→ Required work
Print each record exactly as it appears, but drop the images.

Entries shown START

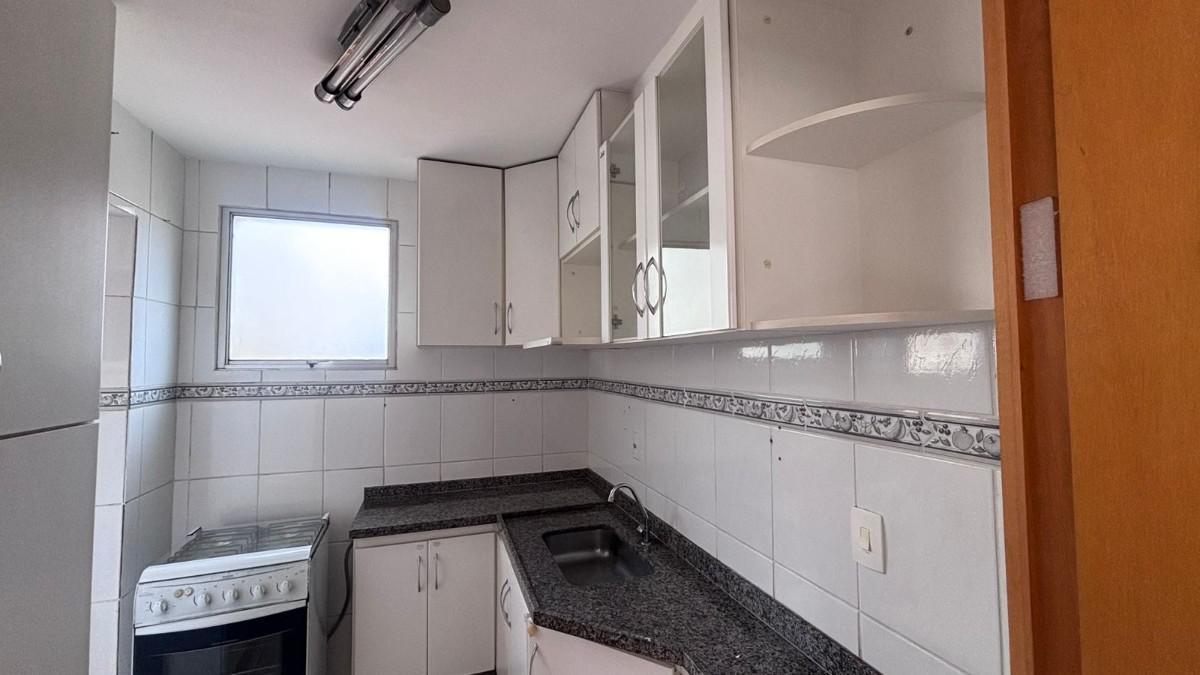 Apartamento, Sagrada Família, 3 Quartos, 1 Vaga, 1 Suíte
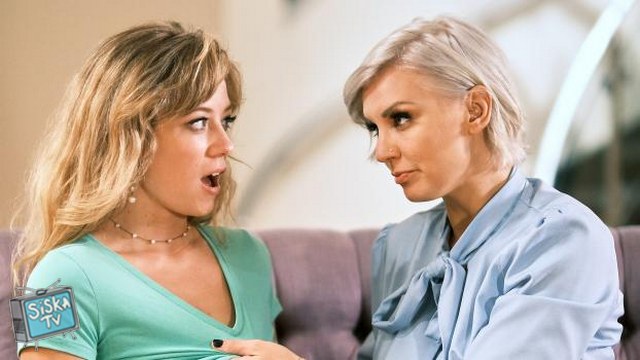 Kenzie Taylor, River Lynn - He Wouldve Been Proud Of Us - MommysGirl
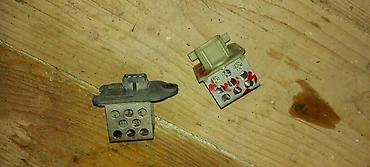 kuka za auto: REOSTAT - PRESOSTAT ZA PEUGEOT 206 | Imam sve delove za peugeot 206 — 1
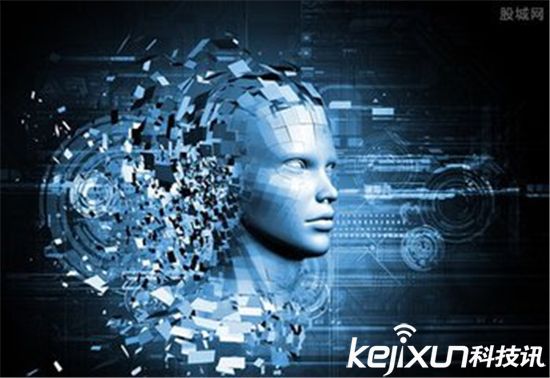 人工智能機器人時代來臨 科幻將成為現(xiàn)實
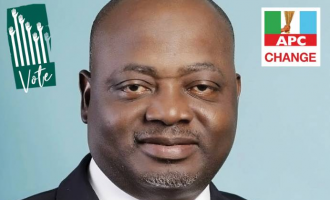 APC convention: The story of my defeat may never be known, says Issa-Onilu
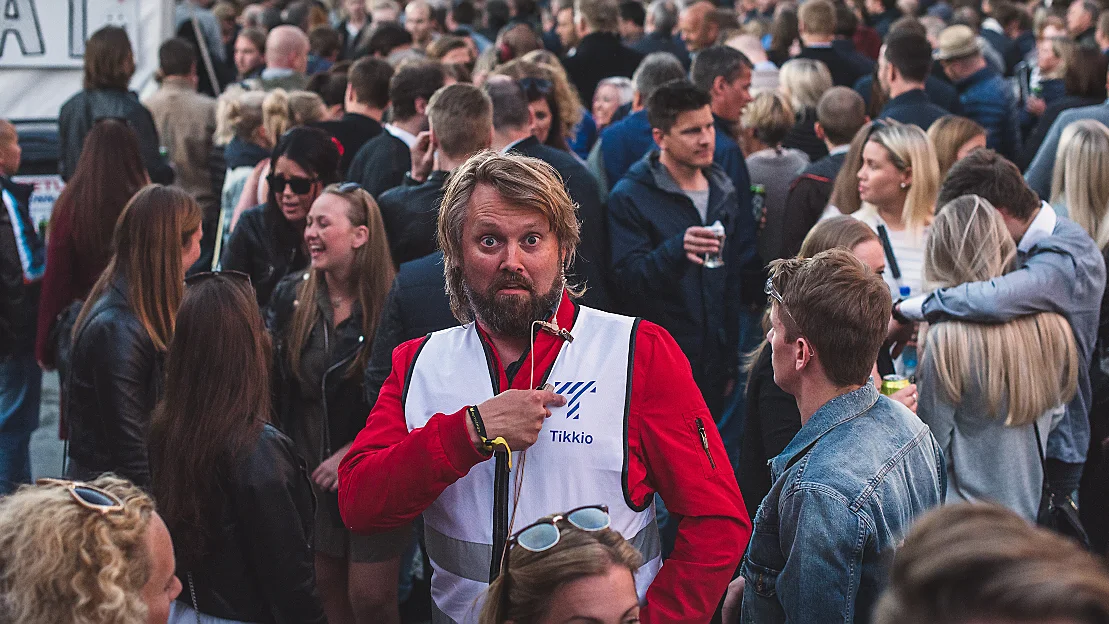 Kjetil Aarseth foto Tikkio 11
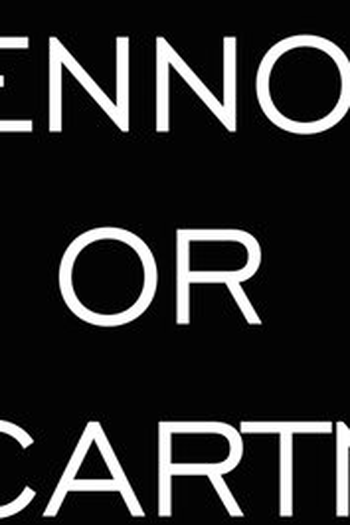  de Curta Lennon or McCartney (2014)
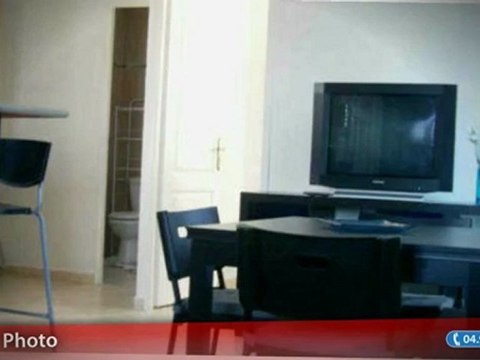 Appartement F2 à vendre, La Seyne Sur Mer (83), 159000€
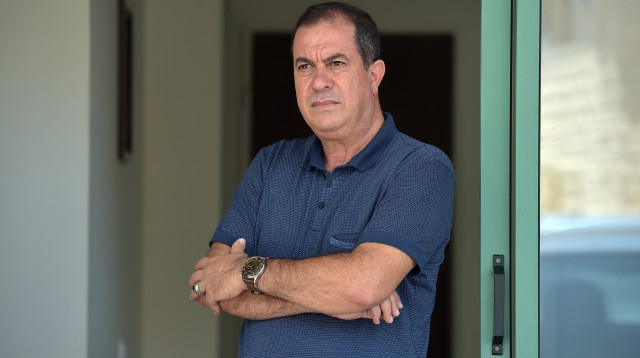 ד"ר ג'מאל דקדוקי (צילום: מאיר וקנין, סוכנות ג'יני)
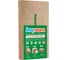 Мягкая древесноволокнистая плита (МДВП) Knauf Insulation кнауф защита, 22x600x1250 мм, 3 кв. м, 4 плиты 789379 1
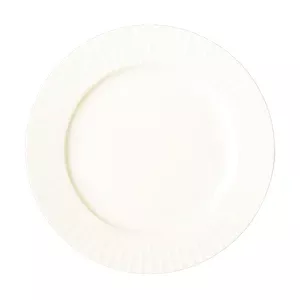 Teller Ø27cm Relief Ivoris Metropolis RAK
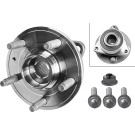 713 6449 10 Radlagersatz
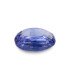 5.54 cts Unheated Natural Blue Sapphire - Neelam (SKU:90157899)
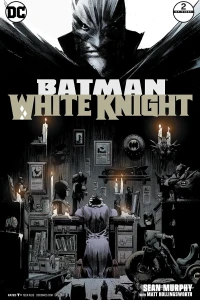 Batman: White Knight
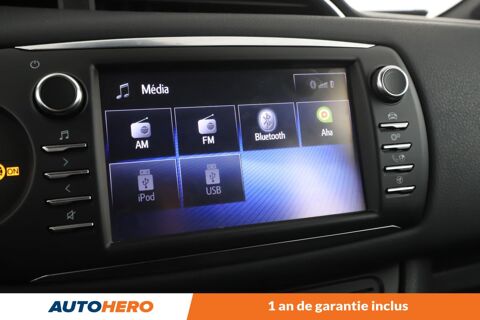 Yaris 1.5 Hybrid 5P 100H 2018 occasion 92130 Issy-les-Moulineaux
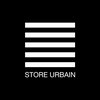 Store Urbain Logo Store Urbain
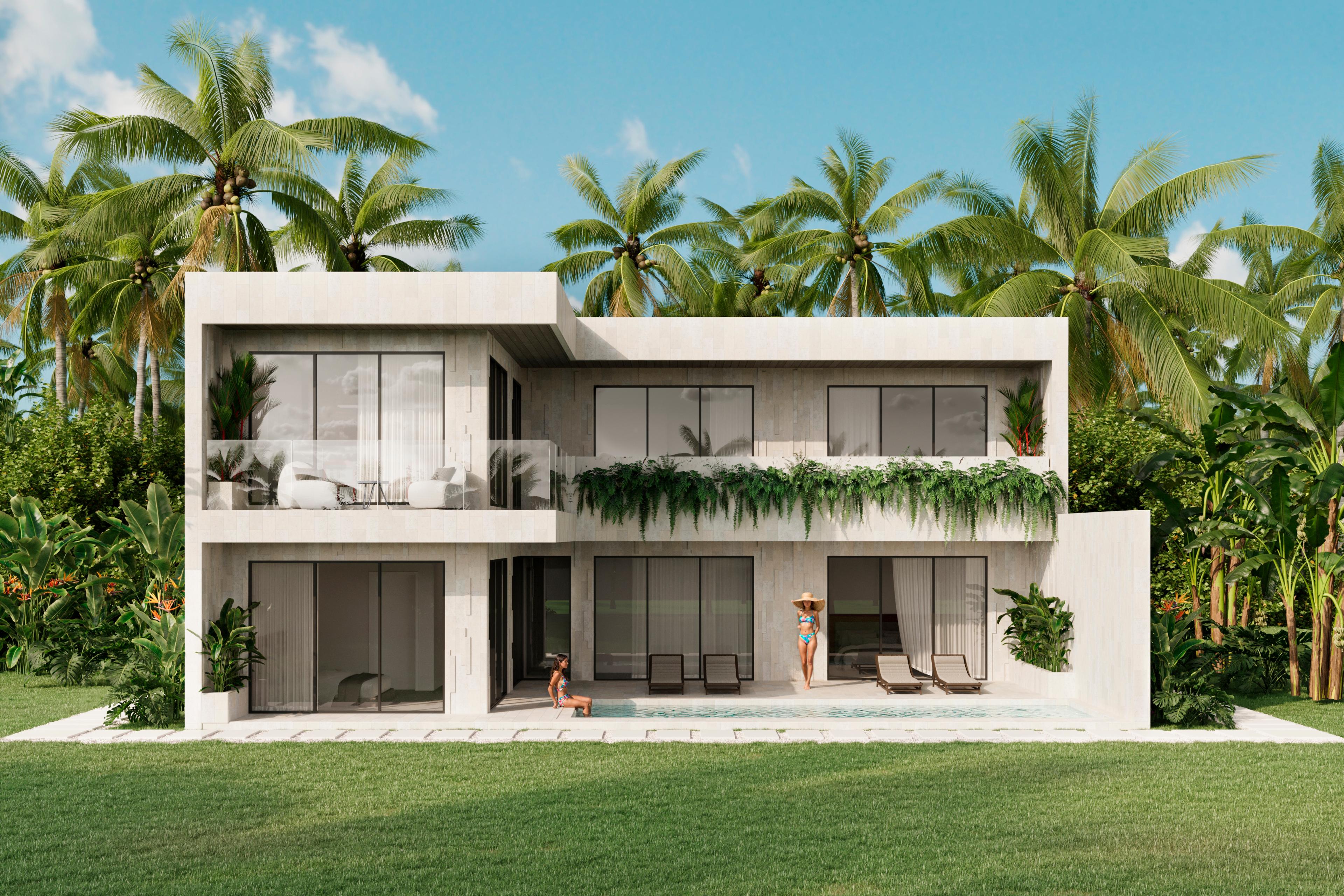 Surfside Bali property in Uluwatu, Bukit, Bali — thumbnail 19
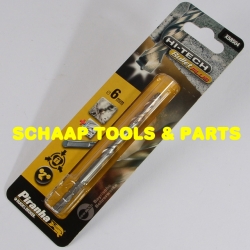 Betonboor HI-TECH bullet  6 mm | X58504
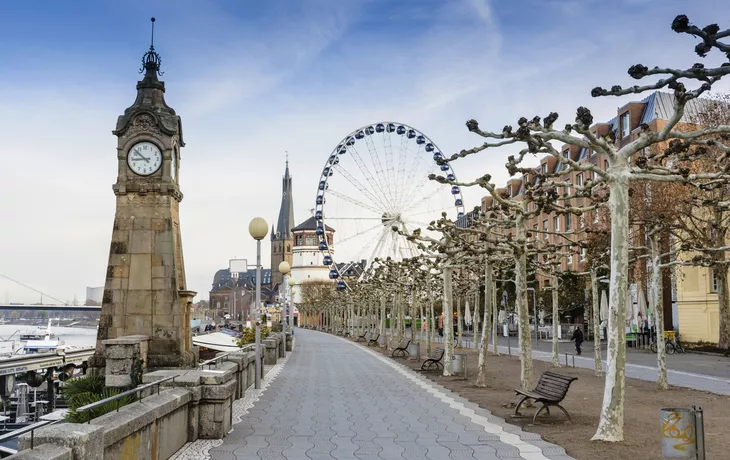 Deutscher Bundestag - © Norbert - stock.adobe.com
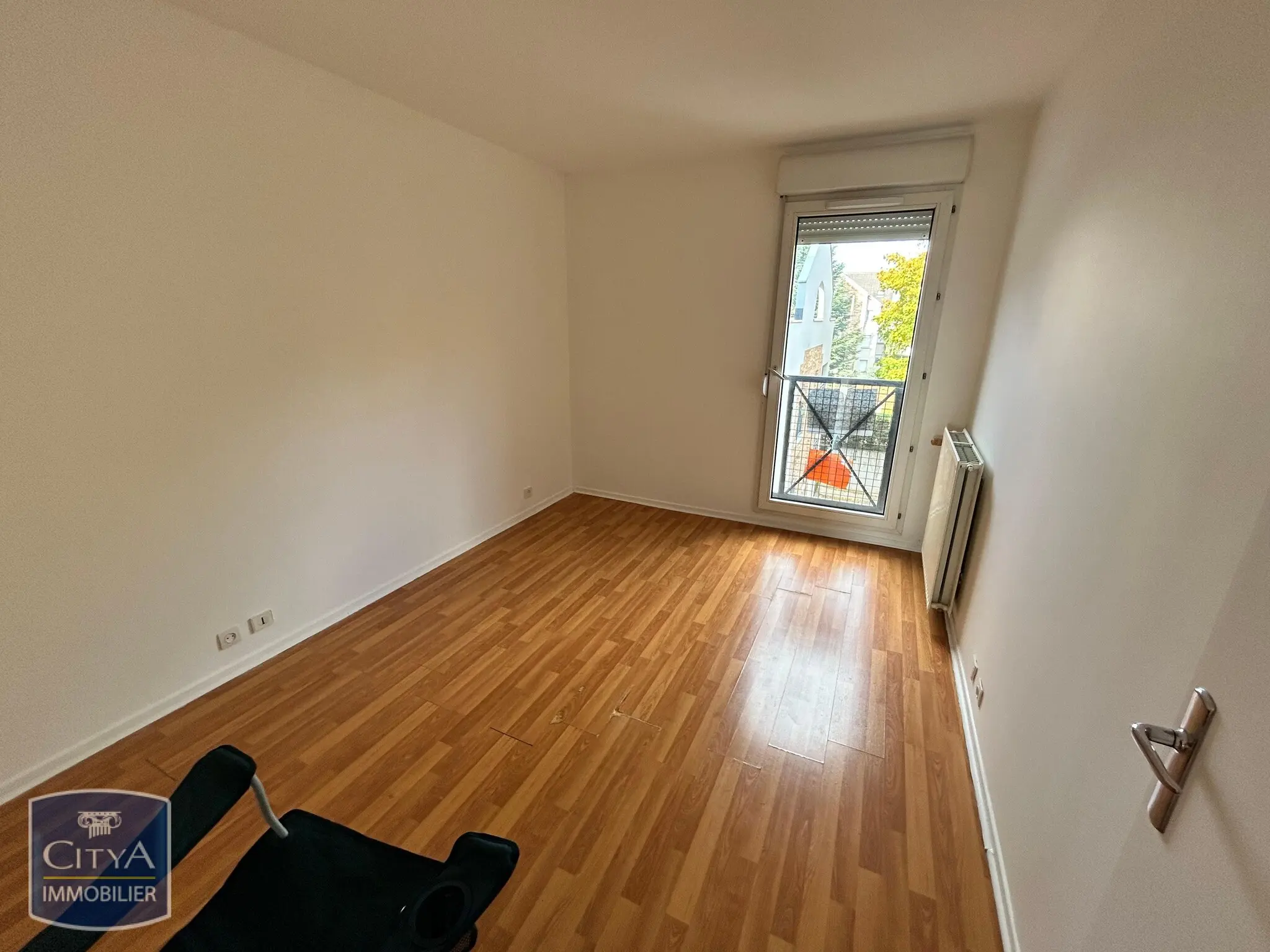 Appartement 3 pièces à Évry-Courcouronnes — photo 15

Entries shown END

→ Response
 Apartamento, Sagrada Família, 3 Quartos, 1 Vaga, 1 Suíte
 Kenzie Taylor, River Lynn - He Wouldve Been Proud Of Us - MommysGirl
 kuka za auto: REOSTAT - PRESOSTAT ZA PEUGEOT 206 | Imam sve delove za peugeot 206 — 1
 人工智能機器人時代來臨 科幻將成為現(xiàn)實
 APC convention: The story of my defeat may never be known, says Issa-Onilu
 Kjetil Aarseth foto Tikkio 11
  de Curta Lennon or McCartney (2014)
 Appartement F2 à vendre, La Seyne Sur Mer (83), 159000€
 ד"ר ג'מאל דקדוקי (צילום: מאיר וקנין, סוכנות ג'יני)
 Мягкая древесноволокнистая плита (МДВП) Knauf Insulation кнауф защита, 22x600x1250 мм, 3 кв. м, 4 плиты 789379 1
 Teller Ø27cm Relief Ivoris Metropolis RAK
 713 6449 10 Radlagersatz
 5.54 cts Unheated Natural Blue Sapphire - Neelam (SKU:90157899)
 Batman: White Knight
 Yaris 1.5 Hybrid 5P 100H 2018 occasion 92130 Issy-les-Moulineaux
 Store Urbain Logo Store Urbain
 Surfside Bali property in Uluwatu, Bukit, Bali — thumbnail 19
 Betonboor HI-TECH bullet  6 mm | X58504
 Deutscher Bundestag - © Norbert - stock.adobe.com
 Appartement 3 pièces à Évry-Courcouronnes — photo 15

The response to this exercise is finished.